● **DATA FOR PROCESSING**
- - -

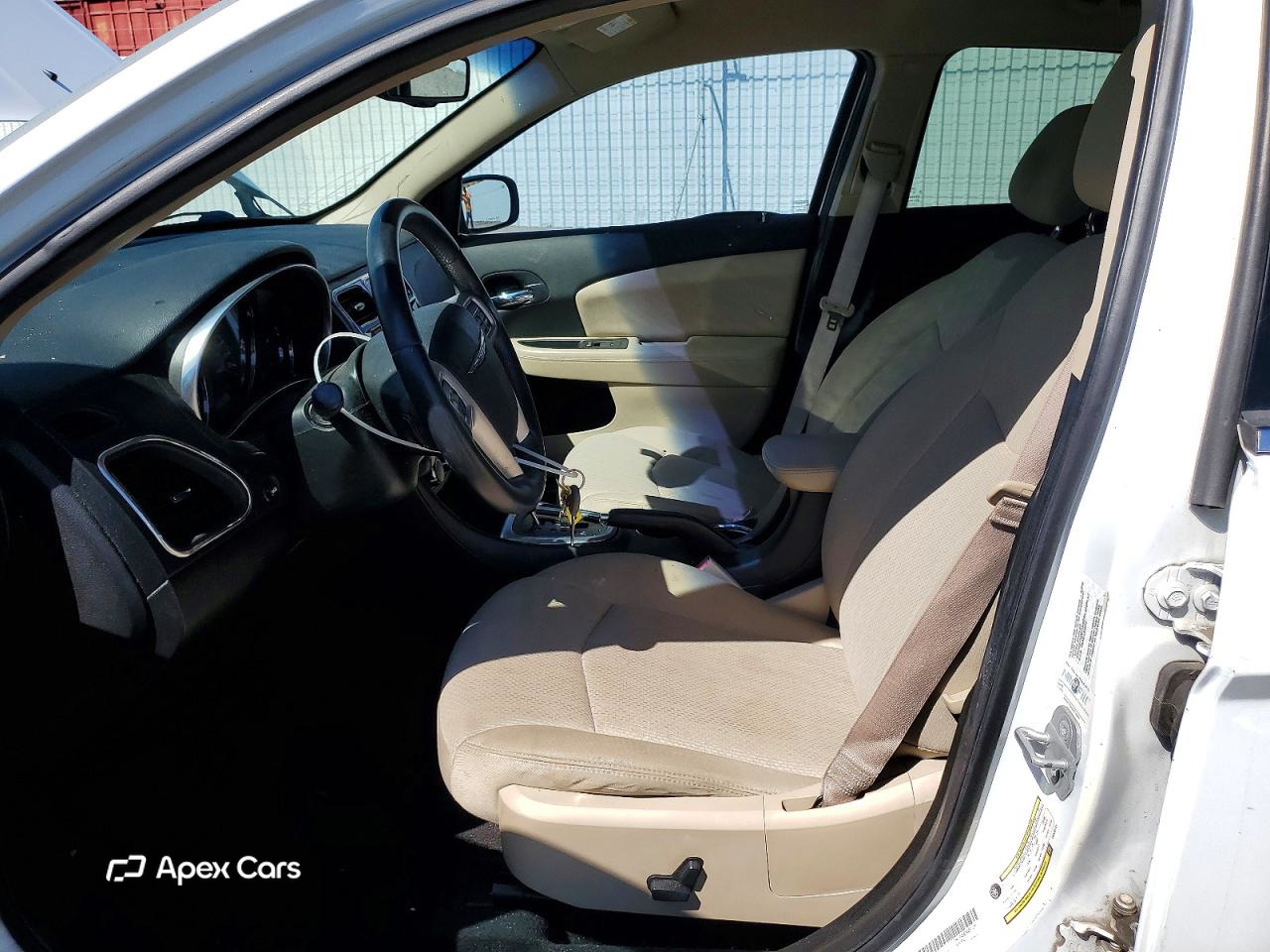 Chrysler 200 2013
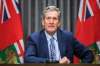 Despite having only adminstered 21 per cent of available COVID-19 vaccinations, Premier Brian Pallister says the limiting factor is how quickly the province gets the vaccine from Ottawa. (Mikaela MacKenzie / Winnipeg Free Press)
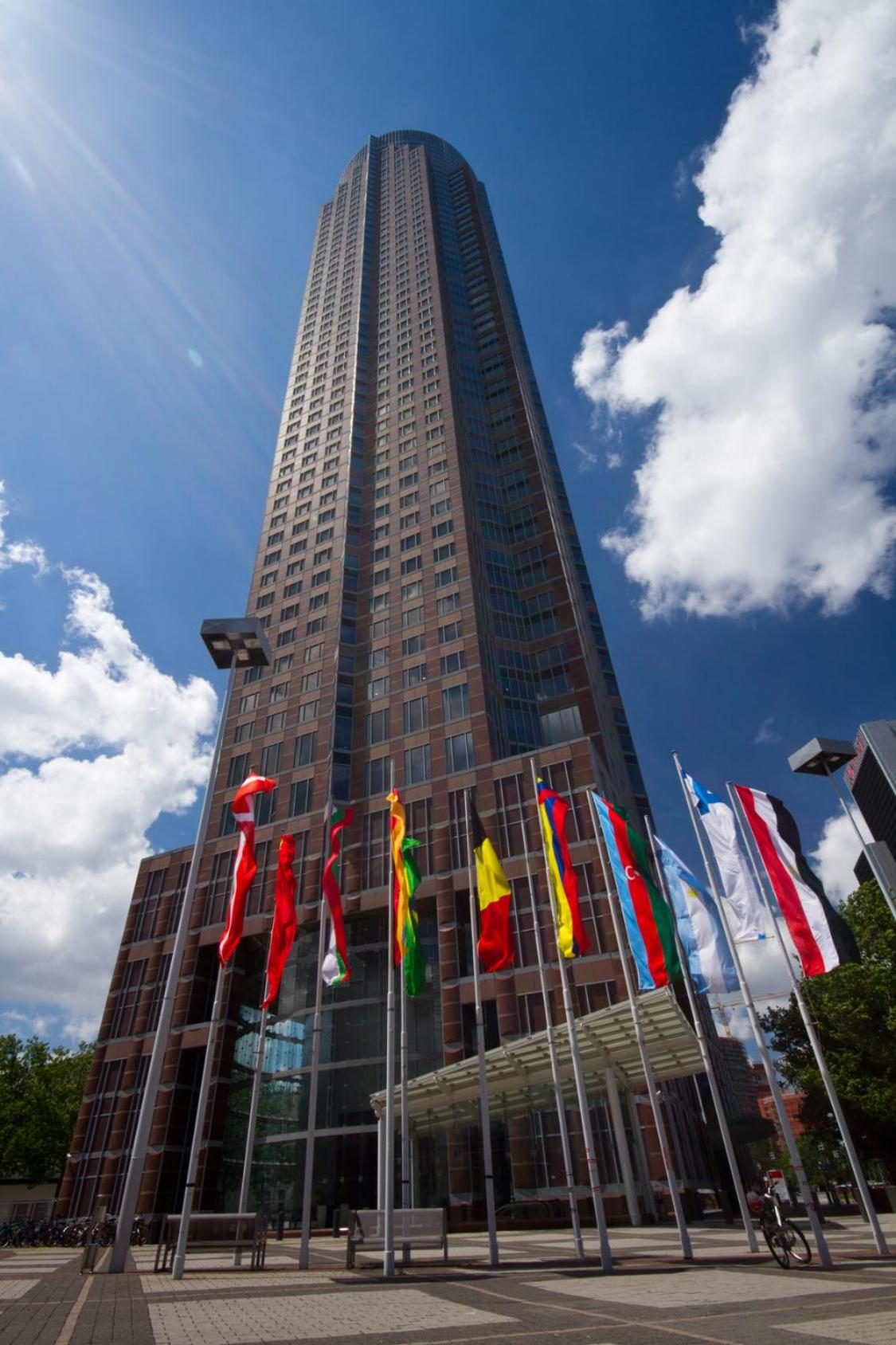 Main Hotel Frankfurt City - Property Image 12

- - -

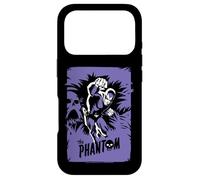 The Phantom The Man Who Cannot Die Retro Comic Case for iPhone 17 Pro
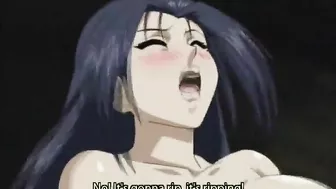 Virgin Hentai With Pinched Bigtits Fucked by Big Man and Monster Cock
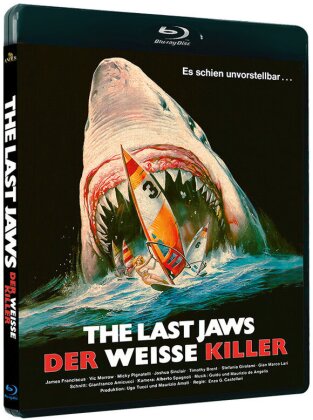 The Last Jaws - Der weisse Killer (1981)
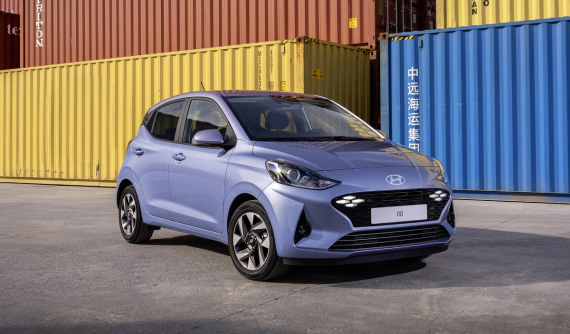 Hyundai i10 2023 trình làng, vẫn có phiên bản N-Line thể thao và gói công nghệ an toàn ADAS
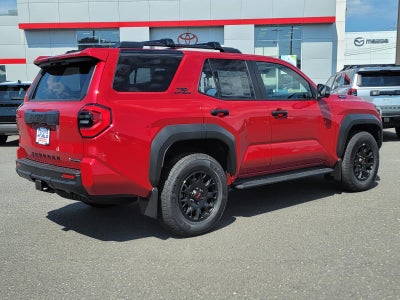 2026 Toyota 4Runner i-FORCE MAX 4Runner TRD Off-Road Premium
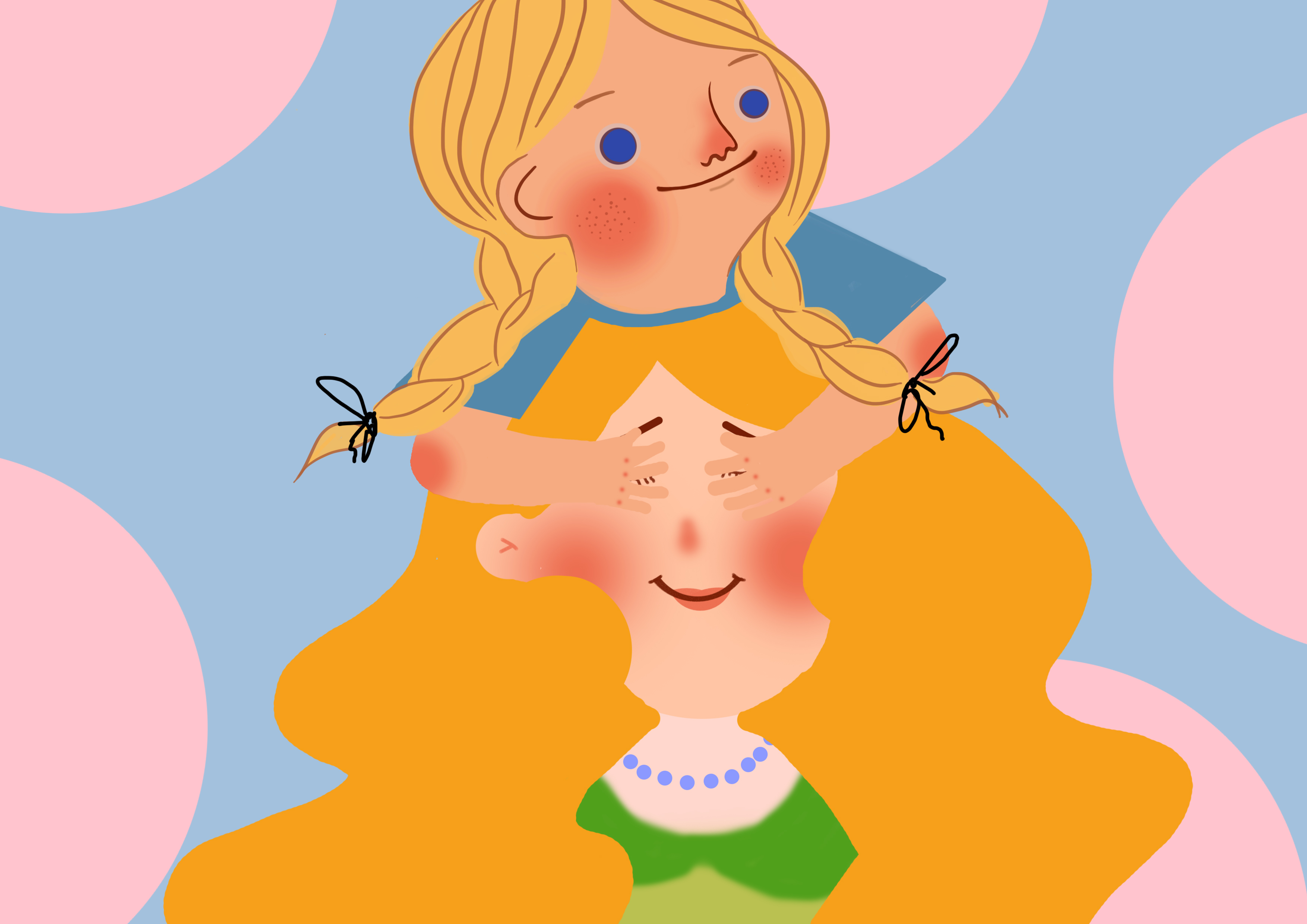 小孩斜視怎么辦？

- - -

● **TRY IT**
Print exactly the lines above that run from the one with "Chrysler 200 2013" down to the one with "Main Hotel Frankfurt", and omit the pictures.

● **TASK ANSWER**
 Chrysler 200 2013
 Despite having only adminstered 21 per cent of available COVID-19 vaccinations, Premier Brian Pallister says the limiting factor is how quickly the province gets the vaccine from Ottawa. (Mikaela MacKenzie / Winnipeg Free Press)
 Main Hotel Frankfurt City - Property Image 12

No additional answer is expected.